The Slatest

Senior Member of Israel’s Labor Party: Netanyahu Is Damaging Israel’s National Security 

Erel Margalit.

Photo by Neilson Barnard/Getty Images for JVP

Speaking ahead of Benjamin Netanyahu’s highly anticipated speech to Congress on Tuesday, Member of the Knesset Erel Margalit, who is representing the opposition Israeli Labor Party at this week’s AIPAC conference in Washington, strongly criticized the prime minister for creating what he describes as a dangerous distraction.

“We are very concerned with the security issue of Iran being a threshold nuclear state,” he told me. “But we are disappointed that the main discussion is not about Iran, but about Netanyahu’s speech.” Noting an NBC poll released this week, Margalit said that “the American public was split half and half on whether Netanyahu should give the speech or not. If you had asked if Iran should be a nuclear state, I think there would be overwhelming support against it.”
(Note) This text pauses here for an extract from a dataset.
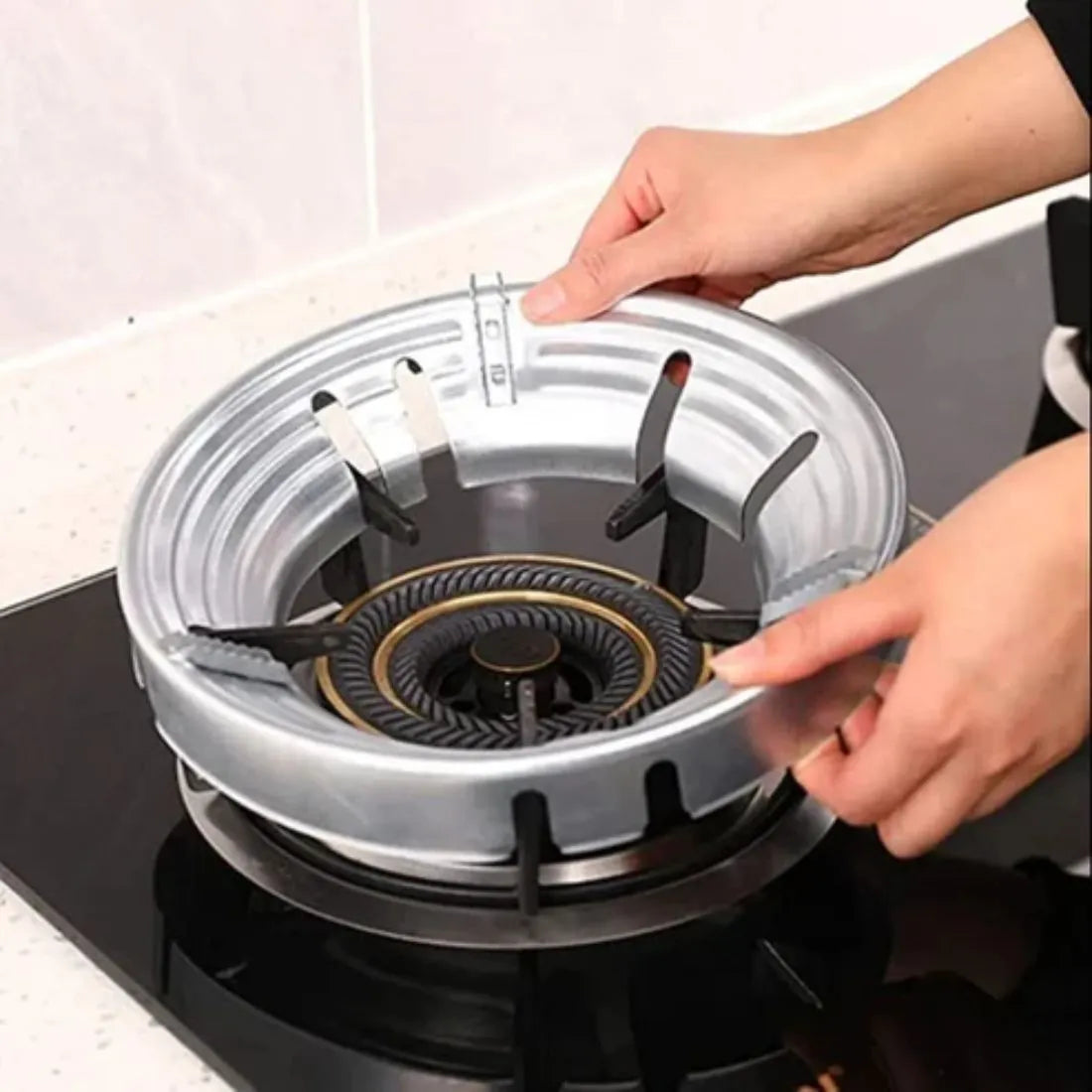 Gas Saver Burner Stand 🔥 (Buy 1 Get 1 FREE)🔥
Responding to the prime minister’s speech to the AIPAC conference Monday, Margalit said that Netanyahu “stated good purposes” by arguing that Israel should not be a partisan issue in U.S. politics, but “these are words, and I think by his actions he’s achieving the opposite. He is creating a problem for some of the Democrats and even the Republicans by making this speech without the president’s support.”

Of course, it’s not just Netanyahu who is campaigning in Washington. With a little more than two weeks left until the Israeli election, recent polls show Zionist Union—the center-left alliance between Margalit’s Labor Party (led by Isaac Herzog) and former justice and foreign minister Tzipi Livni’s Hatnuah—with a slight edge over Netanyahu’s Likud. (Caveat: Israeli polls are often unreliable and of limited usefulness since the winning party will almost certainly have to form a coalition with smaller parties to create a government.)
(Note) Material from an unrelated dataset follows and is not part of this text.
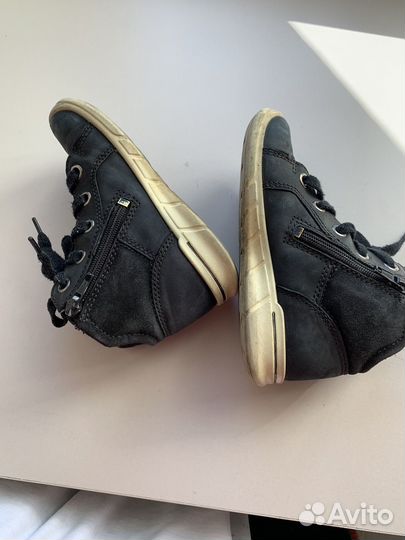 Ботинки демисезонные ecco 26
Netanyahu has criticized the Labor Party for not taking the threat of a nuclear Iran seriously enough. (Herzog canceled a planned appearance at AIPAC, saying he wanted to focus on campaigning.) Margalit said that he too is concerned about the possibility of a too lenient nuclear deal that would set “Iran on the path of a nuclear state and agrees to a language that makes that possible at some point,” but argued that Netanyahu’s approach hasn’t helped matters. “Iran is a major concern of national security to Israel,” he said. “But the other national concern of national security is the relationship between Israel and the U.S. administration. I think that corrupting that channel and losing the trust in that channel is problematic to Israel’s very security.” Asked if this is the worst period he’s ever seen in U.S.-Israeli relations, he said he wasn’t sure but “the very question is a problem.”

Margalit, who was one of the country’s most successful venture capitalists before going into politics and says he hopes to be economics minister in a new government, suggested that Netanyahu’s overwhelming focus on security issues may be a way to take attention away from the state of the Israeli economy and the country’s growing inequality. “The issue of Iran is very important, but sometimes when you’re not dealing with the housing issue or how people are making a living, making a cry about security issues is a way out,” he said.
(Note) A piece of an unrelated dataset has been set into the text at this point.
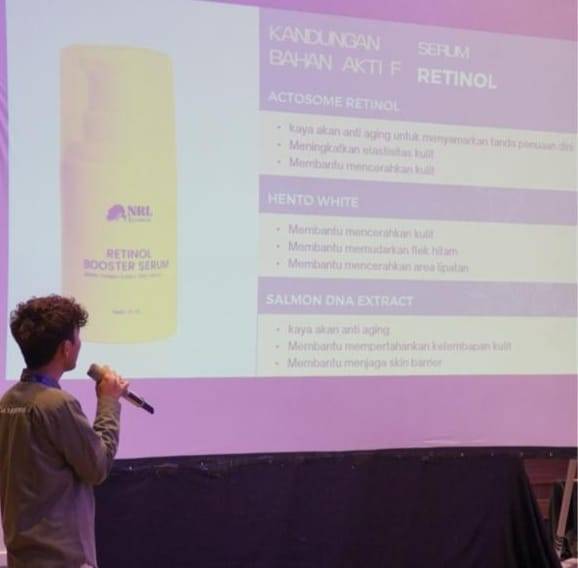 Penuhi Permintaan Konsumen, NRL Kosmetik Luncurkan Produk Baru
I asked Margalit how a Labor-led government might go about repairing Israel’s international image, and he said that progress on a two-state solution is essential. Labor favors a halt to the construction of far-flung settlements in the West Bank and advocates land swaps for the more established settlements around Jerusalem.

“Settlements are a thing that people here in the U.S. and elsewhere are sick of hearing about,” he said. “People want to see Israel take a stand to define its own borders and hear what kind of compromises we are we willing to make. Even if the Palestinians are not ready yet, we can say what we are willing to do, which will put a lot of the pressure on them.”

Summing up the current leaders of the Israeli right, whom he and his Labor colleagues are hoping to supplant, he said, “People like [Avidgor] Lieberman, [Naftali] Benett, and Netanyahu are leading Israel as a fort.”